Terminal Island Placed on Endangered Places List

A conservation group has named a site at the Port of Los Angeles as one of the 11 most endangered historic places in the US.

In recent years, the Port of Los Angeles has neglected historic buildings at Terminal Island, according to the National Trust for Historic Preservation.

“A (port) plan introduced in 2011 calls for the demolition of more structures and fails to endorse the idea of adaptive reuse,” the NTHP wrote in an announcement of the site’s designation. “Local preservationists fear this plan could be the model for an even larger plan that would permit more needless destruction.”

The remarks are in reference to a port road realignment plan that could require the demolition of three fish canneries, three boat repair buildings and a cannery steam plant, all of which date back from 60 to more than 100 years.

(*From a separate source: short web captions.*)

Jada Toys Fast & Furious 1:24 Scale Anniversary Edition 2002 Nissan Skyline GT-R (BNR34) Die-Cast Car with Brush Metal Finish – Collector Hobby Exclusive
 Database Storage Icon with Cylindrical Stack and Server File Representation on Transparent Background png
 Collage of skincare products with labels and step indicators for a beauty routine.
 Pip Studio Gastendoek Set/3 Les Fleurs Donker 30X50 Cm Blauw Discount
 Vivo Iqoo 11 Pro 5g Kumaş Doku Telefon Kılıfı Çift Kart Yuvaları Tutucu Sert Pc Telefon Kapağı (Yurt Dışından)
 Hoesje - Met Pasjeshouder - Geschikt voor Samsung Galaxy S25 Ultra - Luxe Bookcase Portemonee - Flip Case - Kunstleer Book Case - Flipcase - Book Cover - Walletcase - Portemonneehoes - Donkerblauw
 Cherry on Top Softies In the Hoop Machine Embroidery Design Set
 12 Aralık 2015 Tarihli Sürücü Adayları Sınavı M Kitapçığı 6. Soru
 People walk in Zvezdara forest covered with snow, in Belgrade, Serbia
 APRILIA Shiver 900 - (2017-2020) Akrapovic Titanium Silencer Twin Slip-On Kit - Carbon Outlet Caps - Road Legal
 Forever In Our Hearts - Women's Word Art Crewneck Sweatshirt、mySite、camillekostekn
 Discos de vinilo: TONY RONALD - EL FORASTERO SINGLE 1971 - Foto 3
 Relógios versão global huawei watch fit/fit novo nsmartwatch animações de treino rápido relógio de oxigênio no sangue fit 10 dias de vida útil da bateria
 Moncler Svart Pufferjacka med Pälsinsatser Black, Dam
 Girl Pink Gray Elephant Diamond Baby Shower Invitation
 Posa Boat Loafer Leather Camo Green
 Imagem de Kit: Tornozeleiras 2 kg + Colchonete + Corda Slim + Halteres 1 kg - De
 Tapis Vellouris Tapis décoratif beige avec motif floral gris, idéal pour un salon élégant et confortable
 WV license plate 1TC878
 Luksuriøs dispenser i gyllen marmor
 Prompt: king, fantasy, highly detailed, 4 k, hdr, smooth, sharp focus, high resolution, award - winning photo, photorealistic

Terminal Island, which is located between the LA and Long Beach harbors, was a major shipbuilding center during both world wars, and was previously known as the center for the US tuna canning industry.

The NTHP says among its goals for Terminal Island are to “change the port plan that restricts use of historic buildings to port functions only” and to “save buildings facing demolition by promoting new uses, ensuring public access and attracting new tenants.”

Port of Los Angeles officials, however, have said the designation is uncalled for and distanced the port from the map of the realignment drawn up by a contractor. Seattle-based Cargo Velocity issued a summary report on the Terminal Island land use plan in January.

“The consultants didn’t accurately portray the realignment. They didn’t nail it down completely,” port planning commissioner David Mathewson told the Los Angeles Times in an article published June 7.

Terminal Island is one of two specific West Coast locations making the NTHP’s annual list, with the other being a portion of Yosemite National Park, also in California.